GOAL OF THE EXERCISE: Find and copy each line of the data that includes "https".

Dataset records

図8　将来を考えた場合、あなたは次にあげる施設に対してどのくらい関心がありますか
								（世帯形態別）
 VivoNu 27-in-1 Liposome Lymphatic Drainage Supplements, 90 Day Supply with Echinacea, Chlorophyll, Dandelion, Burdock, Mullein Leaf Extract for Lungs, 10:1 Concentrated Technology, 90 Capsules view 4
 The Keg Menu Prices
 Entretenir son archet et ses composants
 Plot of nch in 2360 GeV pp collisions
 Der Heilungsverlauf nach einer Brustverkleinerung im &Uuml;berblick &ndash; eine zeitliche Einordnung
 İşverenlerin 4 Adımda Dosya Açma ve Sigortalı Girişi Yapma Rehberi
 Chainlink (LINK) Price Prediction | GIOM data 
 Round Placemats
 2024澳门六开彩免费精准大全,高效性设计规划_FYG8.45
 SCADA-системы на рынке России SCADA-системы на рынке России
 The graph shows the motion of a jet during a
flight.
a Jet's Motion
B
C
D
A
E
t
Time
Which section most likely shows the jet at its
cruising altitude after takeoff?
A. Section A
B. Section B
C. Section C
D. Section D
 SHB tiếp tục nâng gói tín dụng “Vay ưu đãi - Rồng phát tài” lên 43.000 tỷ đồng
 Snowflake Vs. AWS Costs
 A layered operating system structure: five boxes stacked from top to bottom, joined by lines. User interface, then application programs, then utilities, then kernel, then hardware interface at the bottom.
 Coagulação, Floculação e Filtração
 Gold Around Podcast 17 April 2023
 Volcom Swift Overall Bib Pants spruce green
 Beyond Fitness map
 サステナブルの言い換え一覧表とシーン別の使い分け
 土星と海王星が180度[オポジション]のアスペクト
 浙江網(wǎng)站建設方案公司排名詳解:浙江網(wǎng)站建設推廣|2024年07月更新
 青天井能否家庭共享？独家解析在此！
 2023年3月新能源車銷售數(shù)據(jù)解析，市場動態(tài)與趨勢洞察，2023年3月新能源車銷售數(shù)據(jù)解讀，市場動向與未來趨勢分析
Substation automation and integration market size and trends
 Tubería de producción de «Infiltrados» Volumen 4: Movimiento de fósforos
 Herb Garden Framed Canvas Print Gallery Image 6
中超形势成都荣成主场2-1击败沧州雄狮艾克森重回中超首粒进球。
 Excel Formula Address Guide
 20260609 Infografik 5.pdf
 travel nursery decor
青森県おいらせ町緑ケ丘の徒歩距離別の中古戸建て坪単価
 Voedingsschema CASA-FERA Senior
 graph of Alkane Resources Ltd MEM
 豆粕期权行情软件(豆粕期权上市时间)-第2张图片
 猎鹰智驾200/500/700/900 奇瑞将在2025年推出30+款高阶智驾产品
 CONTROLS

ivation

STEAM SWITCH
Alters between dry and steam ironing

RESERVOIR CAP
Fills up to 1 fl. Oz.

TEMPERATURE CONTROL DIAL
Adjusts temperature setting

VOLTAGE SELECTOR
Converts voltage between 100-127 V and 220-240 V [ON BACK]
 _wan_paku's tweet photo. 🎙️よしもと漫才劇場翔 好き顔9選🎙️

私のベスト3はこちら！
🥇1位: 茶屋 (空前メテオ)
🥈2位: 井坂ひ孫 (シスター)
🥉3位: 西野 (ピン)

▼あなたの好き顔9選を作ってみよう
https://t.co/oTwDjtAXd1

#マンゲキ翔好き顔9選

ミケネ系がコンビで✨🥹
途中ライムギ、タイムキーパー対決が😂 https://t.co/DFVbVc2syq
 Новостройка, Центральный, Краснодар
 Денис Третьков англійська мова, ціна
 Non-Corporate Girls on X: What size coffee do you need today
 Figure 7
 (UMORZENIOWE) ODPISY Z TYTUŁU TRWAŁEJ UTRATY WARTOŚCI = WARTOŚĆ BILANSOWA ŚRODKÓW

EXERCISE RESPONSE:
https://t.co/oTwDjtAXd1
途中ライムギ、タイムキーパー対決が😂 https://t.co/DFVbVc2syq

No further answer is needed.